Sometimes your XML output from various programs
is less than attractive. Spruce it up in a hurry with Xalan C++ and
an identity transform.
In earlier hacks ( [Hack #5] and [Hack #21] ), you saw the unsightly XML
output from Word 2003 and CSVToXML. The reason why this XML is
unsightly is that it is output on only one or two lines. If you want
this XML to be human-readable, here is a quick hack that
pretty-prints the XML by properly indenting it.
In the working directory for this book you will find
identity.xsl
(Example 3-13), a very simple identity stylesheet
that effectively copies all nodes from source to the result as XML.

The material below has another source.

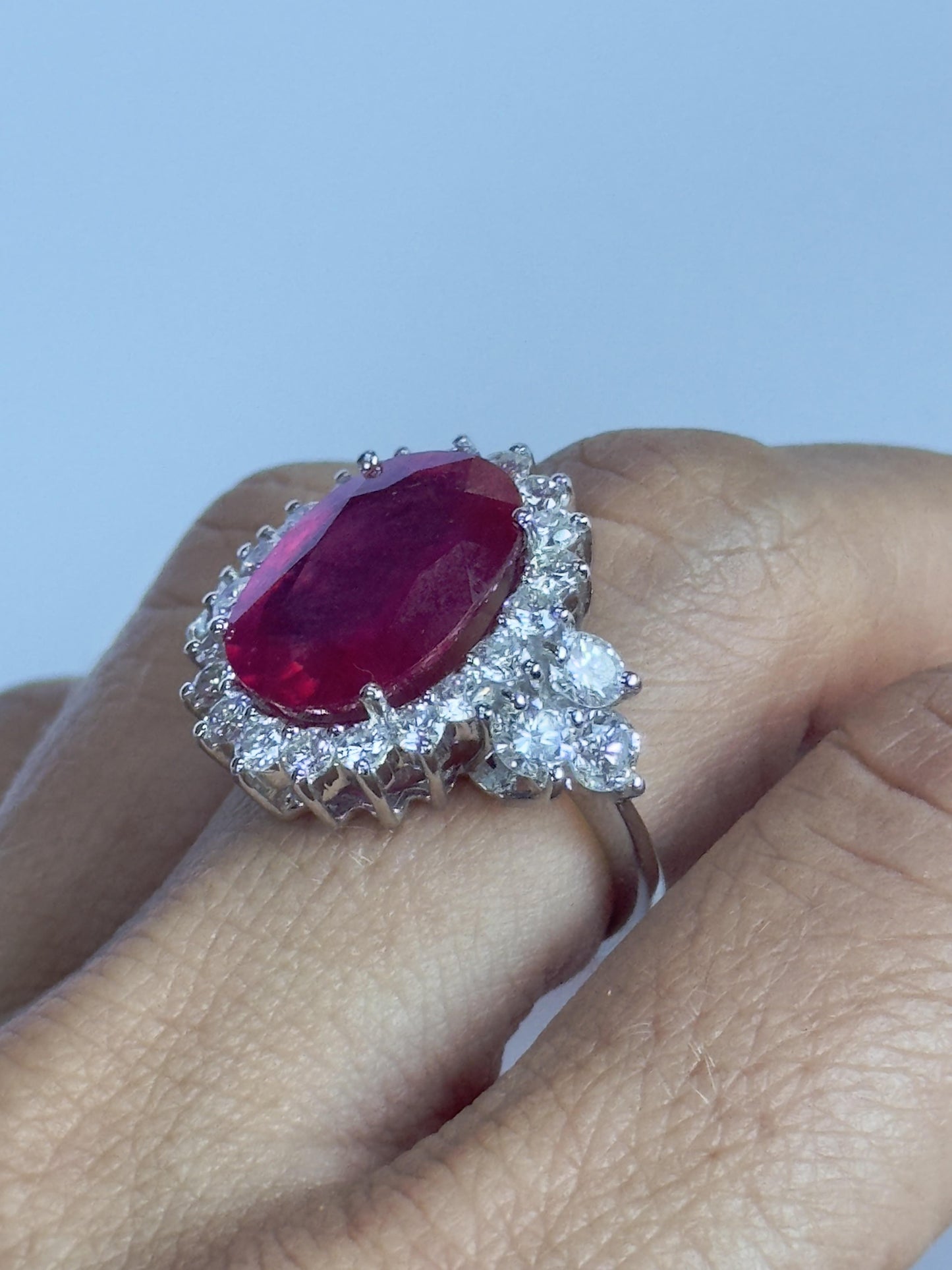 18k Diamond and Ruby Ring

Example 3-13. identity.xsl
<xsl:stylesheet version="1.0" xmlns:xsl="http://www.w3.org/1999/XSL/Transform">
<xsl:output method="xml" indent="yes" encoding="ISO-8859-1"/>
<xsl:template match="@*|node( )">
<xsl:copy>
<xsl:apply-templates select="@*|node( )"/>
</xsl:copy>
</xsl:template>
</xsl:stylesheet>
The template matches all nodes (node()),
including all attributes (@*), and copies them
using the copy instruction, repeatedly applying
templates until all nodes are processed. The
indent attribute on the output
element indents the output using a processor-dependent number of
spaces. If you apply this stylesheet using Xalan C++ on the command
line, you can use the -i switch to specify the
number of spaces to indent the output. If you use Saxon, you can use
the Saxon extension saxon:indent-spaces on
output, and you can set the number of spaces used
in indentation (use the namespace
xmlns:saxon="http://saxon.sf.net/"). This makes it
possible to turn Time_word.xml, the
WordprocessingML output of Word 2003, into something more readable.

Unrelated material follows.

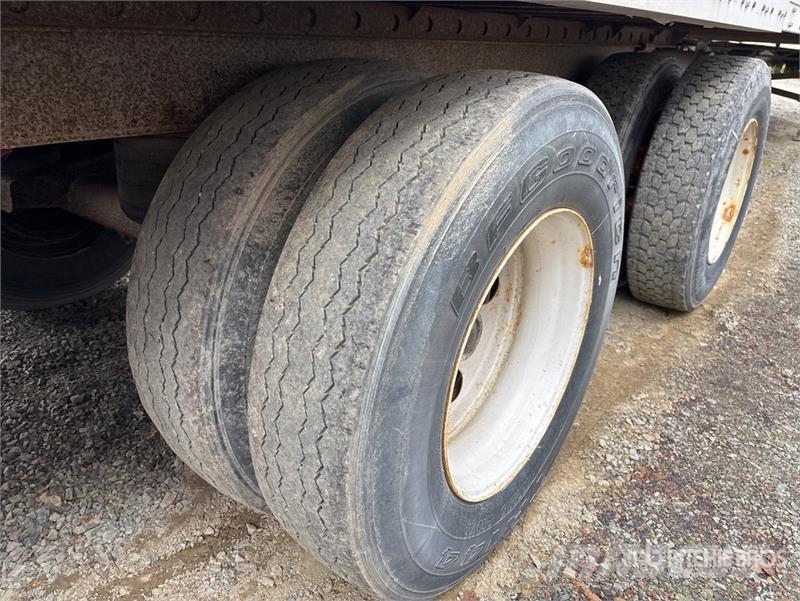 Utility 53 ft x 102 in Tri/A Refrigerated Trailer Напівпричепи-рефрижератори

Assuming that you have Xalan C++ downloaded and installed (from
http://xml.apache.org/xalan-c),
run this command at a shell prompt:
xalan -i 1 -o pretty.xml Time_word.xml identity.xsl
A sampling of
pretty.xml
is shown here, and it is much more readable than the original. It
went from 2 long lines to 325 lines (Example 3-14).
Example 3-14. pretty.xml
<?xml version="1.0" encoding="ISO-8859-1"?>
<?mso-application progid="Word.Document"?>
<w:wordDocument xmlns:w="http://schemas.microsoft.com/office/word/2003/wordml" xmlns:v=
"urn:schemas-microsoft-com:vml" xmlns:w10="urn:schemas-
microsoft-com:office:word" xmlns:sl="http://schemas.microsoft.com/schemaLibrary/2003/core"
xmlns:aml="http://schemas.microsoft.com/aml/2001/core" xmlns:wx=
"http://schemas.microsoft.com/office/word/2003/auxHint" xmlns:o=
"urn:schemas-microsoft-com:office:office"
xmlns:dt="uuid:C2F41010-65B3-11d1-A29F-00AA00C14882"
w:macrosPresent="no" w:embeddedObjPresent="no" w:ocxPresent="no" xml:space="preserve">
<o:DocumentProperties>
<o:Title>Time</o:Title>
<o:Author>Mike Fitzgerald</o:Author>
<o:LastAuthor>Mike Fitzgerald</o:LastAuthor>
<o:Revision>2</o:Revision>
<o:TotalTime>0</o:TotalTime>
<o:Created>2004-02-11T23:07:00Z</o:Created>
<o:LastSaved>2004-02-11T23:07:00Z</o:LastSaved>
<o:Pages>1</o:Pages>
<o:Words>9</o:Words>
<o:Characters>52</o:Characters>
<o:Lines>1</o:Lines>
<o:Paragraphs>1</o:Paragraphs>
<o:CharactersWithSpaces>60</o:CharactersWithSpaces>
<o:Version>11.5604</o:Version>
</o:DocumentProperties>
<w:fonts>
<w:defaultFonts w:ascii="Times New Roman" w:fareast="Times
New Roman" w:h-ansi="Times New Roman" w:cs="Times New Roman"/>
<w:font w:name="Wingdings">
<w:panose-1 w:val="05000000000000000000"/>
<w:charset w:val="02"/>
<w:family w:val="Auto"/>
<w:pitch w:val="variable"/>
<w:sig w:usb-0="00000000" w:usb-1="10000000"
w:usb-2="00000000" w:usb-3="00000000" w:csb-0="80000000"
w:csb-1="00000000"/>
</w:font>
</w:fonts>